◆ **TASK ITEM**
What is needed is an exact copy of the whole listing below, with no pictures.

** Opening SOURCE RECORDS block **

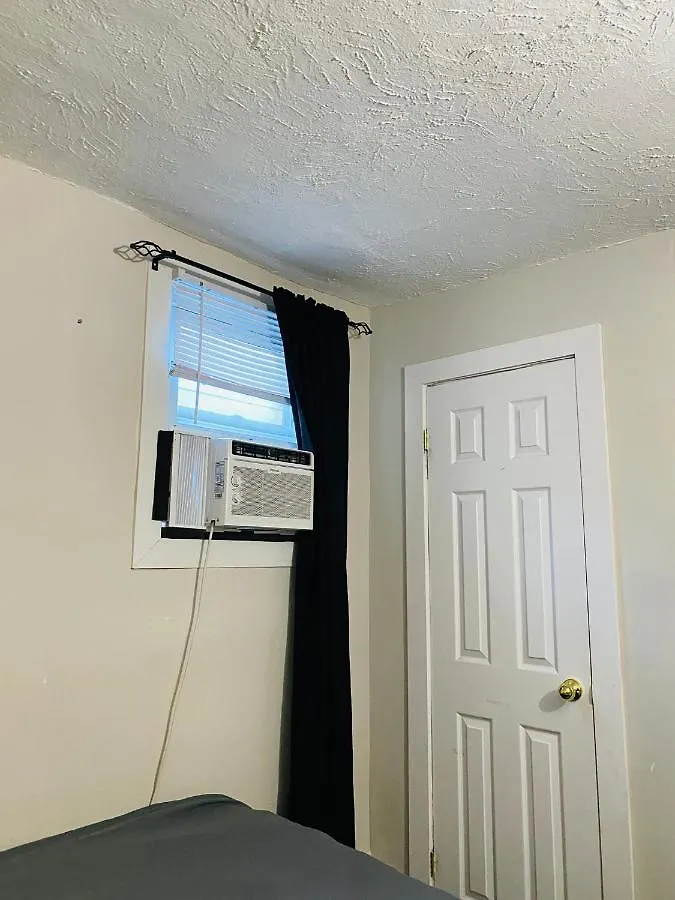 Apartment Signature II Suite Space Share Room Toronto Canada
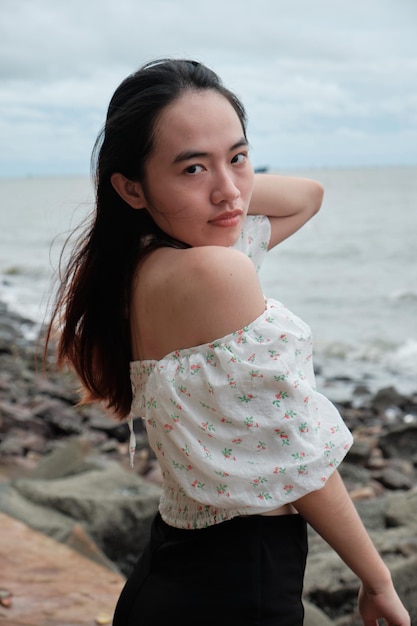 ragazza sulla spiaggia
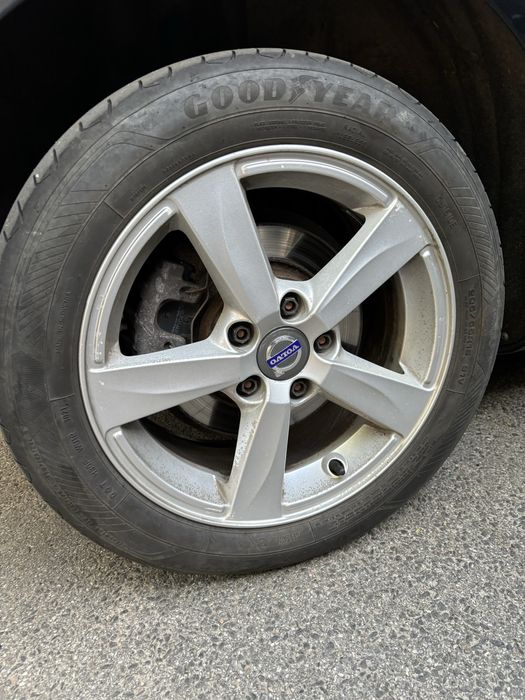 Чорний Volvo V40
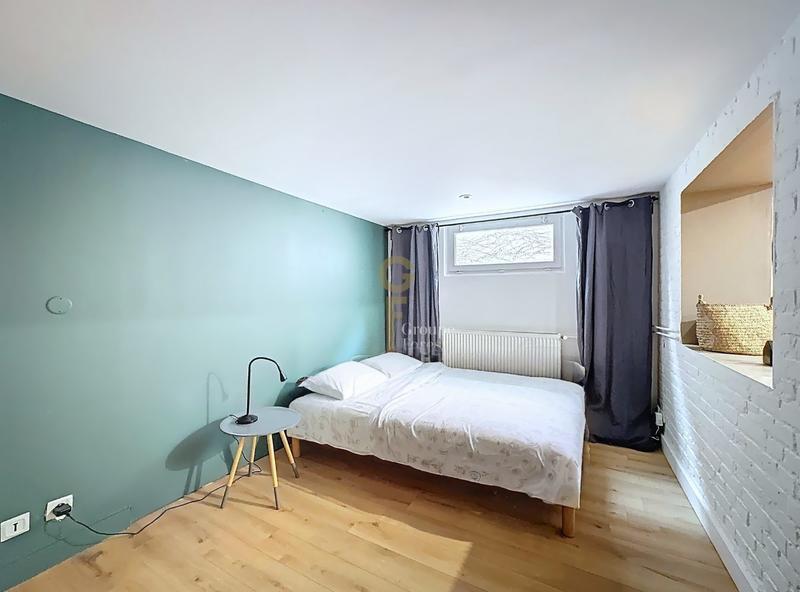 Maison - 180 m² - 7 pièces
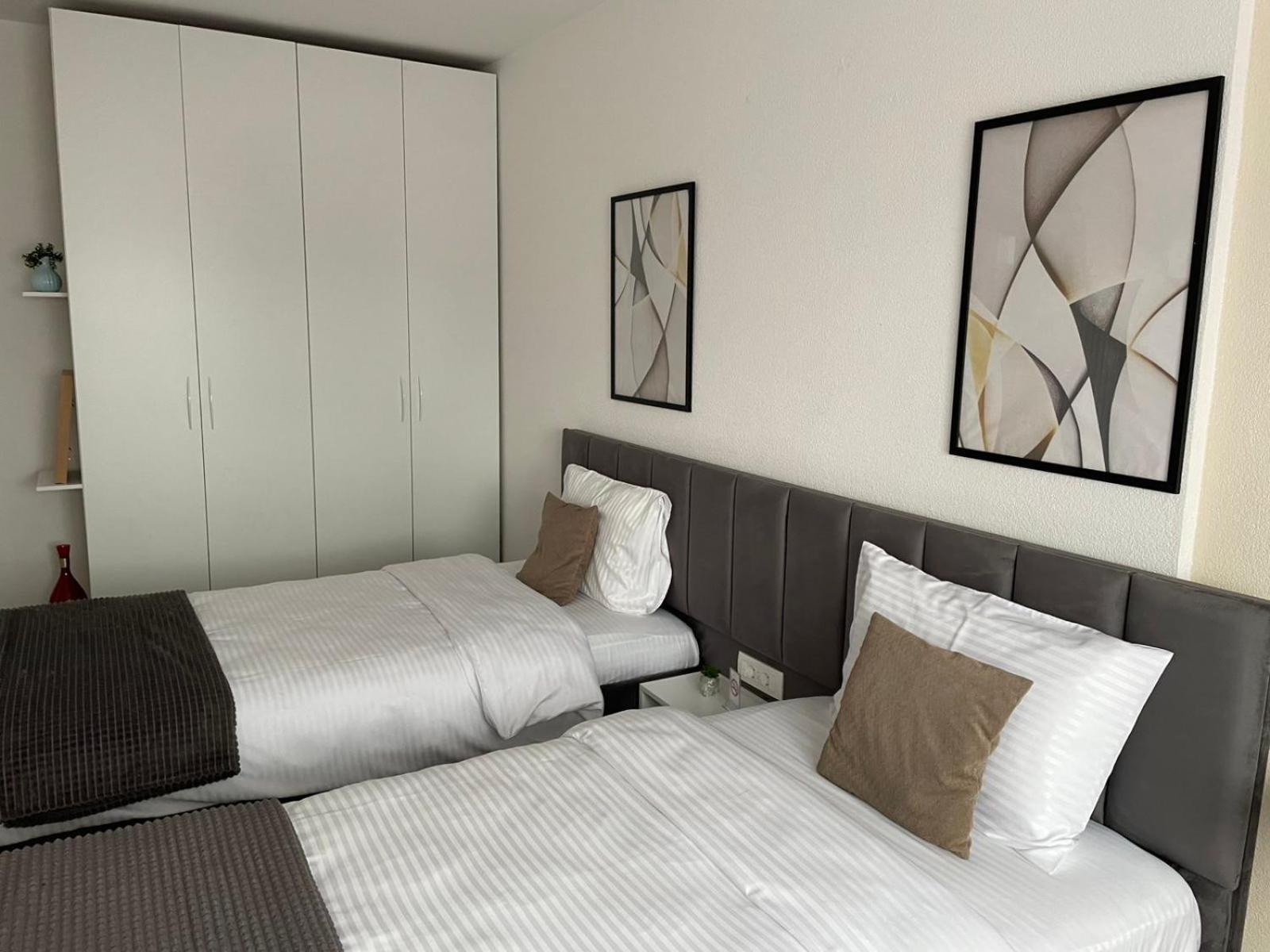 Apartment Prizreni-Free Private Parking Exterior foto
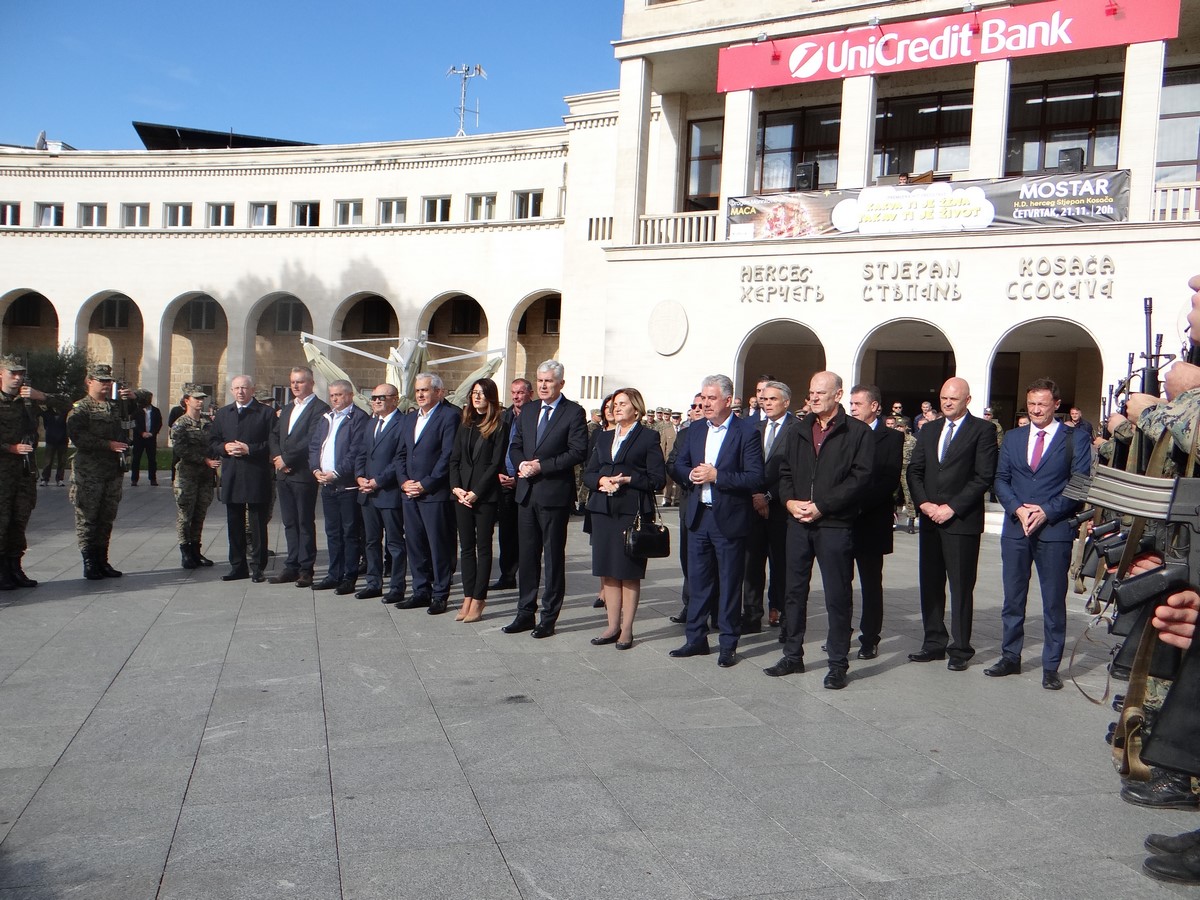 FOTO: Izaslanstvo Hrvatskog narodnog sabora obilježilo blagdan Svih svetih i Dušni dan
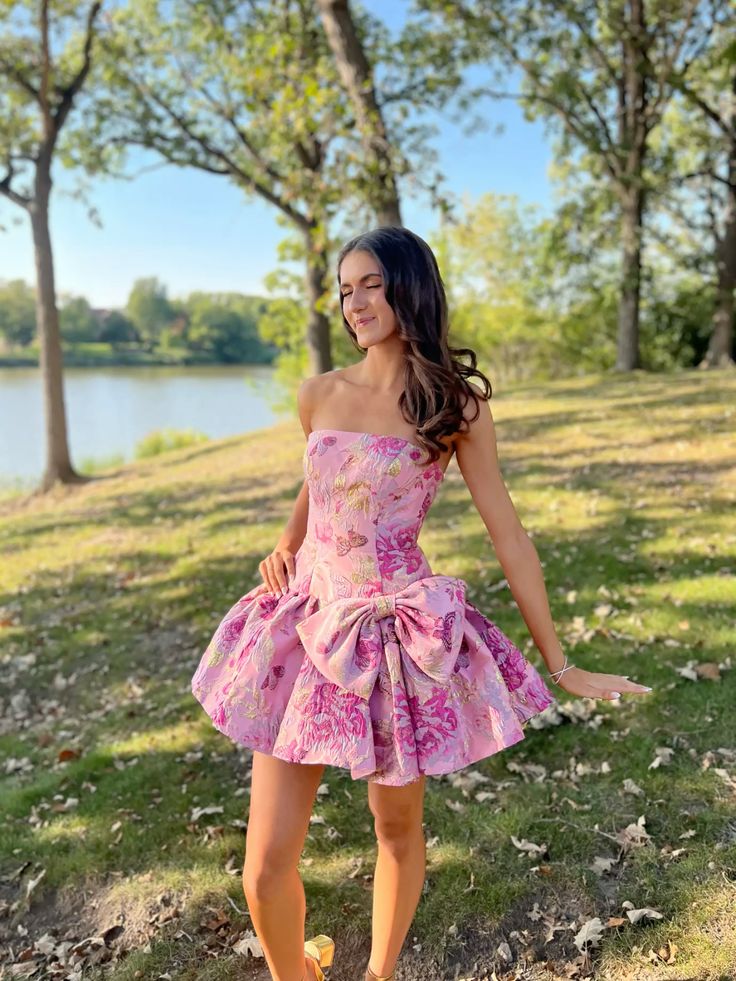Senior homecoming dress, cute short prom dress inspo Ball Gown Strapless pink floral Birthday Cocktail Ideas Outfits RB8315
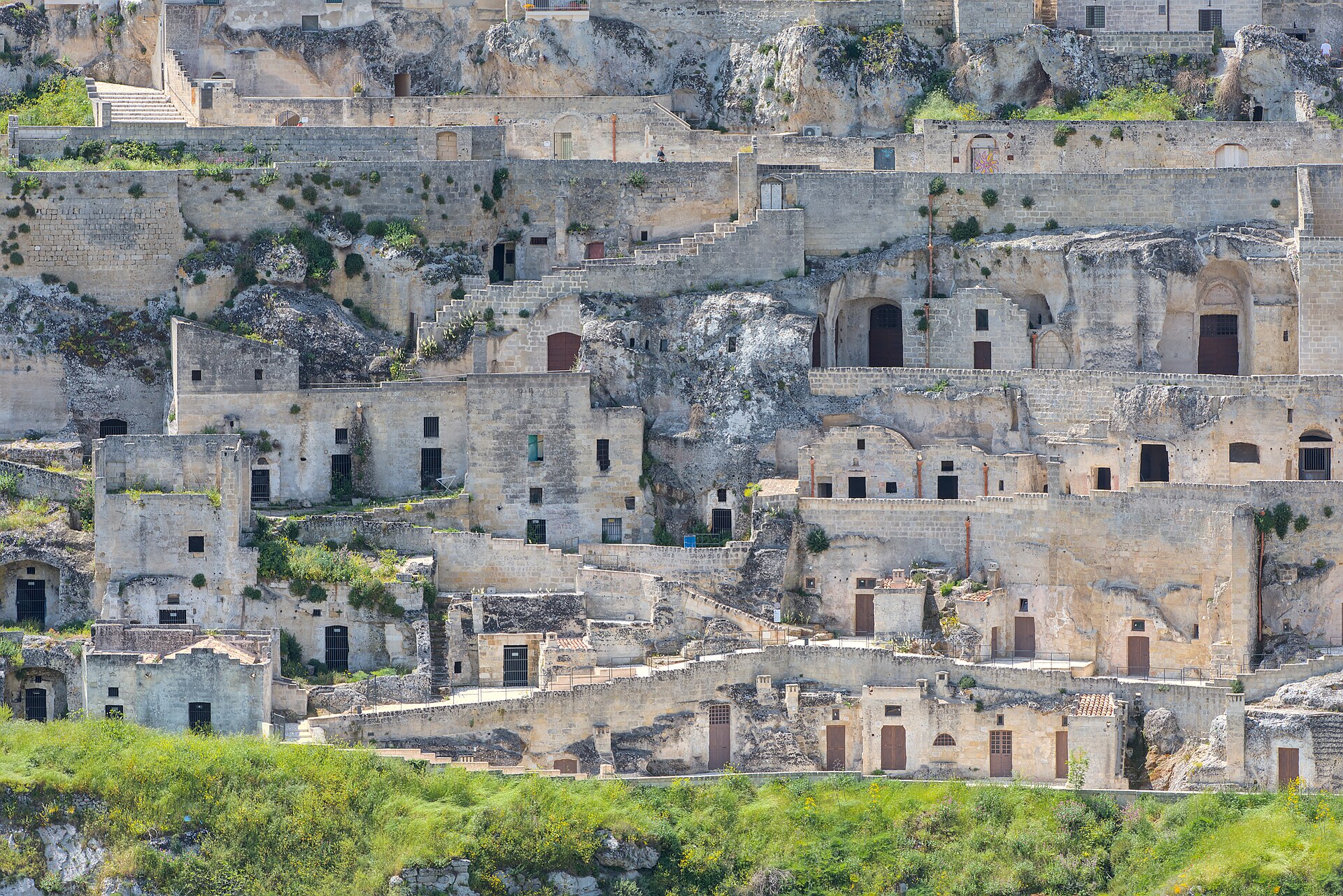 los sassi de matera vistos desde el belvedere, con las casas excavadas en la toba una sobre otra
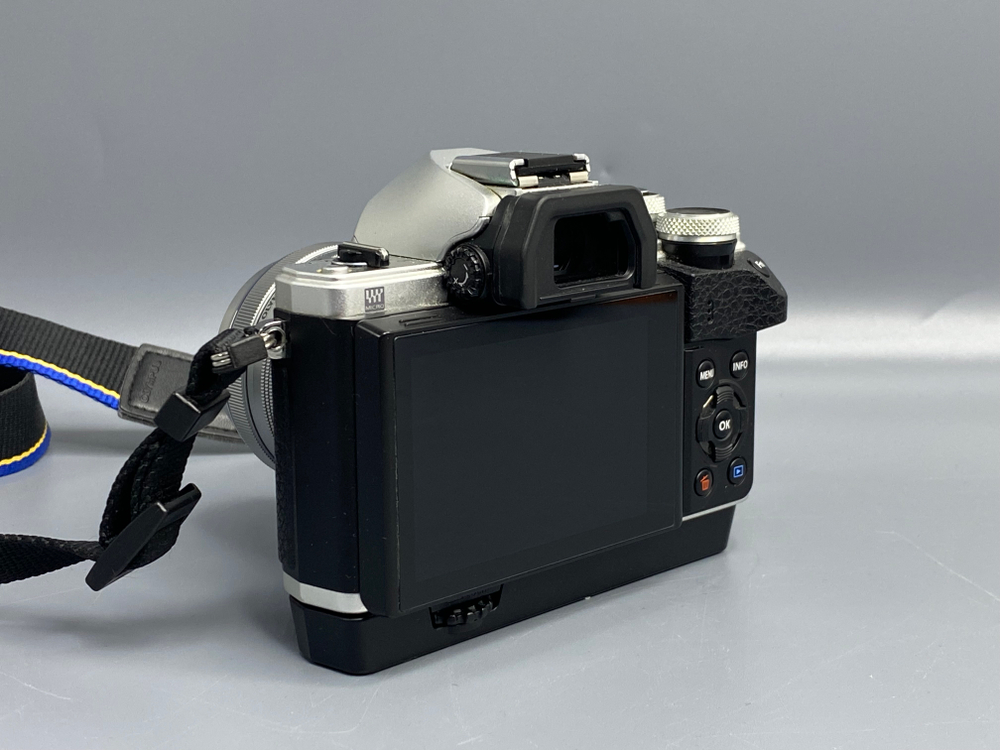 Olympus OM-D E-M10 Mark II + 14-42 мм
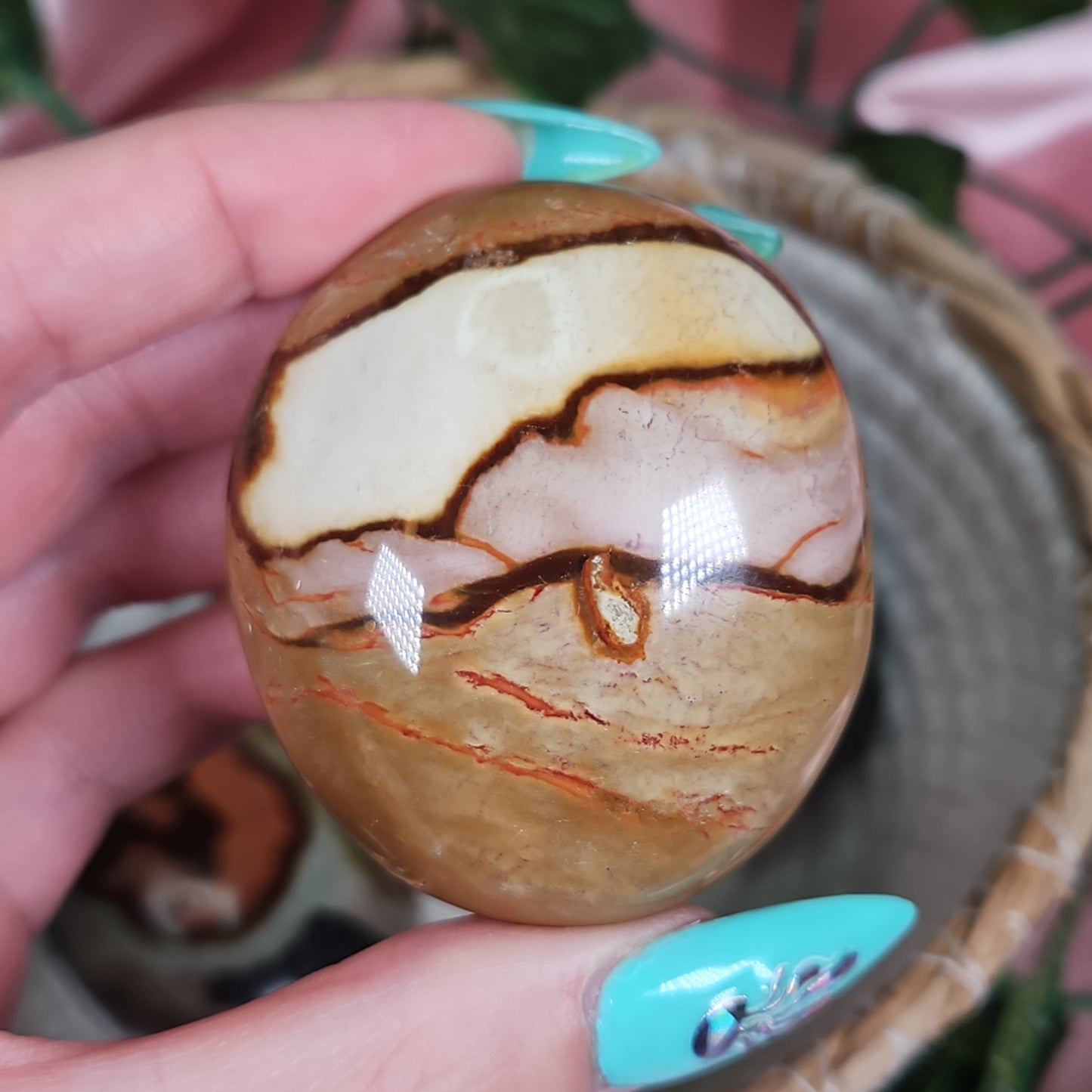 Polycchrome jasper palmstone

** Closing SOURCE RECORDS block **

◆ **EXPECTED OUTPUT**
 Apartment Signature II Suite Space Share Room Toronto Canada
 ragazza sulla spiaggia
 Чорний Volvo V40
 Maison - 180 m² - 7 pièces
 Apartment Prizreni-Free Private Parking Exterior foto
 FOTO: Izaslanstvo Hrvatskog narodnog sabora obilježilo blagdan Svih svetih i Dušni dan
Senior homecoming dress, cute short prom dress inspo Ball Gown Strapless pink floral Birthday Cocktail Ideas Outfits RB8315
 los sassi de matera vistos desde el belvedere, con las casas excavadas en la toba una sobre otra
 Olympus OM-D E-M10 Mark II + 14-42 мм
 Polycchrome jasper palmstone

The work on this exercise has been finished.